* _Exercise prompt_
Only the pictures are to be left out; return the rest of the data exactly as it stands.

* _Source data_
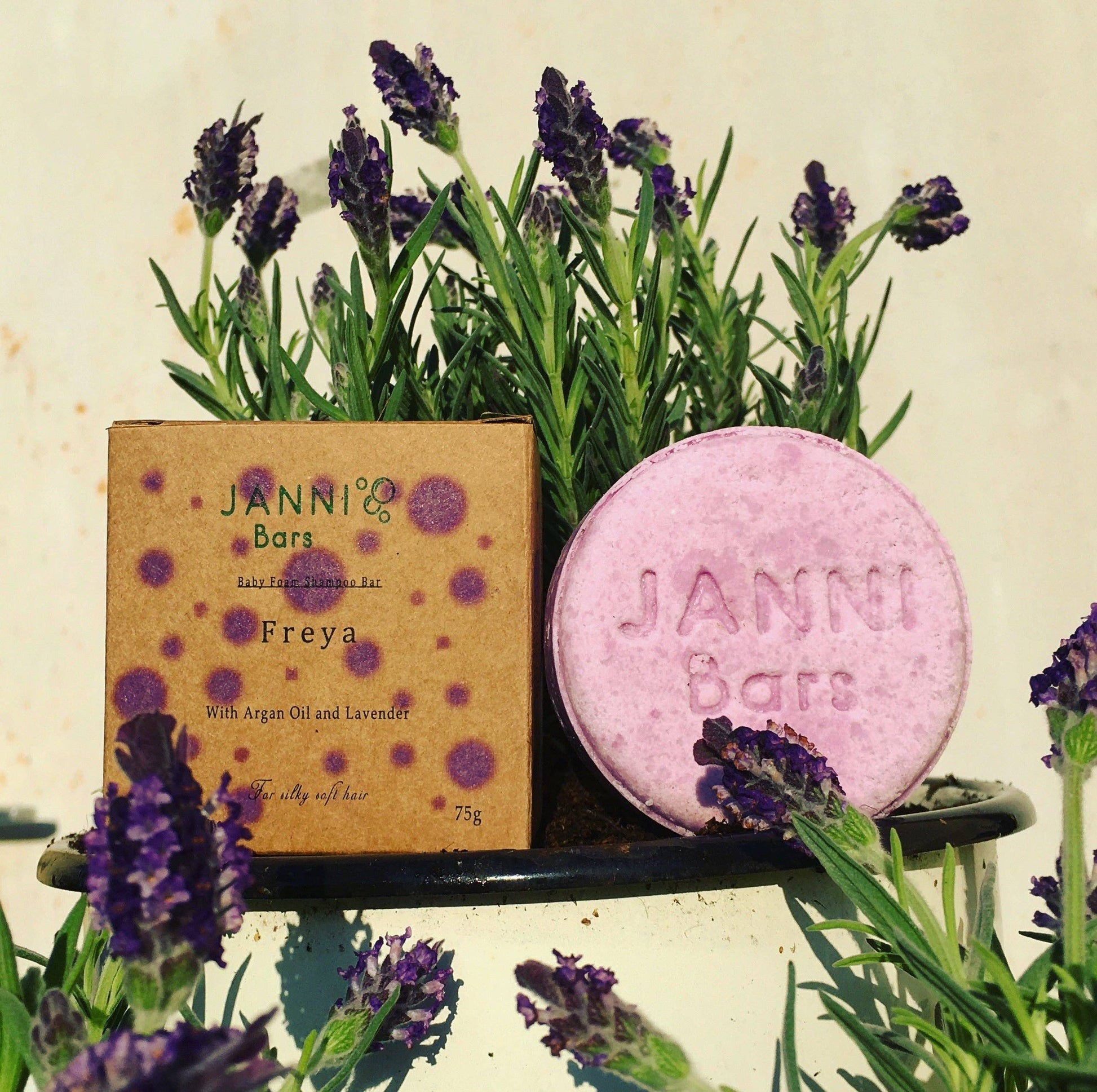 Janni Bars Freya Janni Bars Shampoo bars
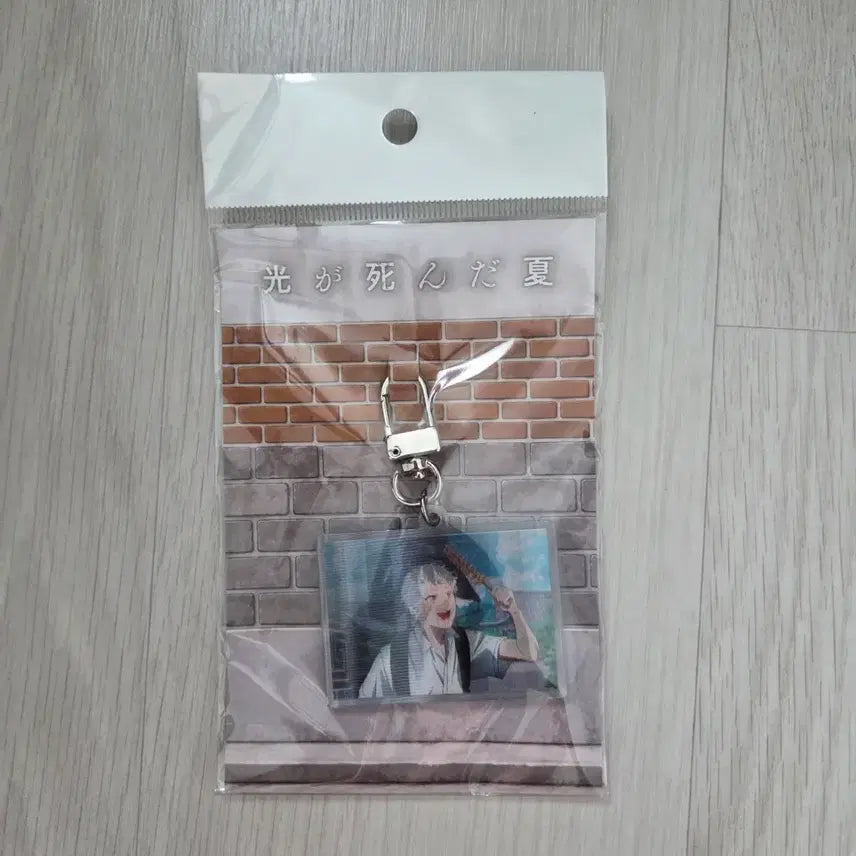 [BUNJANG] Moekku Hikaru no Go Hikaru Yoshiki Korean Travel Lenticular Keychain (Sealed) / 히죽여 히카루가 죽은 여름 모애쿠 용산 팝업 한정 히카루 요시키 한국여행 렌티큘러 키링 미개봉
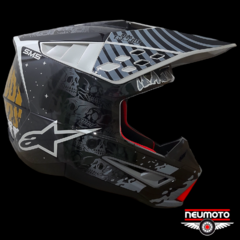 CASCO ALPINESTARS SM5 en internet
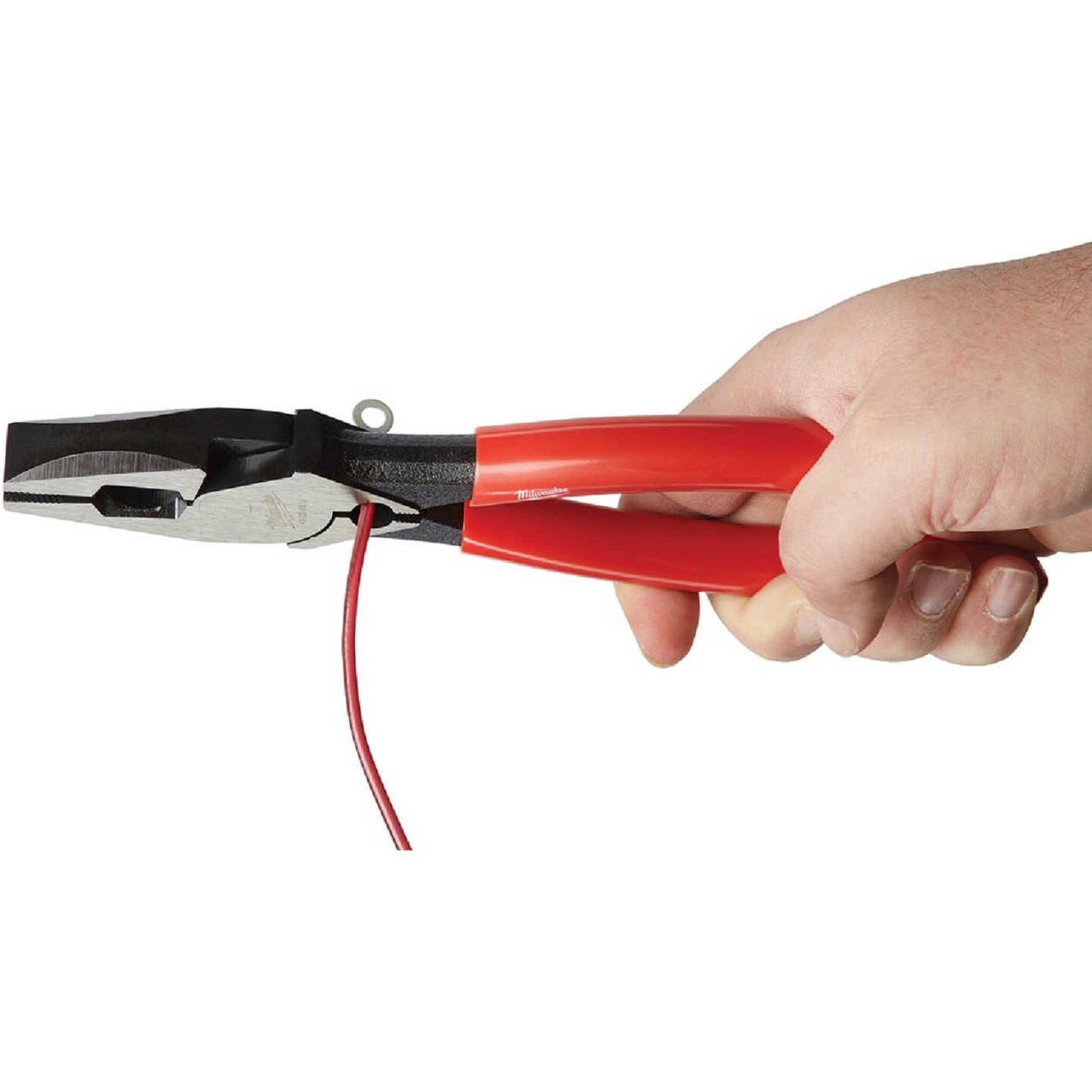 Milwaukee 9 In. Comfort Grip High Leverage Linesman Pliers with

* _Result of the task_
 Janni Bars Freya Janni Bars Shampoo bars
 [BUNJANG] Moekku Hikaru no Go Hikaru Yoshiki Korean Travel Lenticular Keychain (Sealed) / 히죽여 히카루가 죽은 여름 모애쿠 용산 팝업 한정 히카루 요시키 한국여행 렌티큘러 키링 미개봉
 CASCO ALPINESTARS SM5 en internet
 Milwaukee 9 In. Comfort Grip High Leverage Linesman Pliers with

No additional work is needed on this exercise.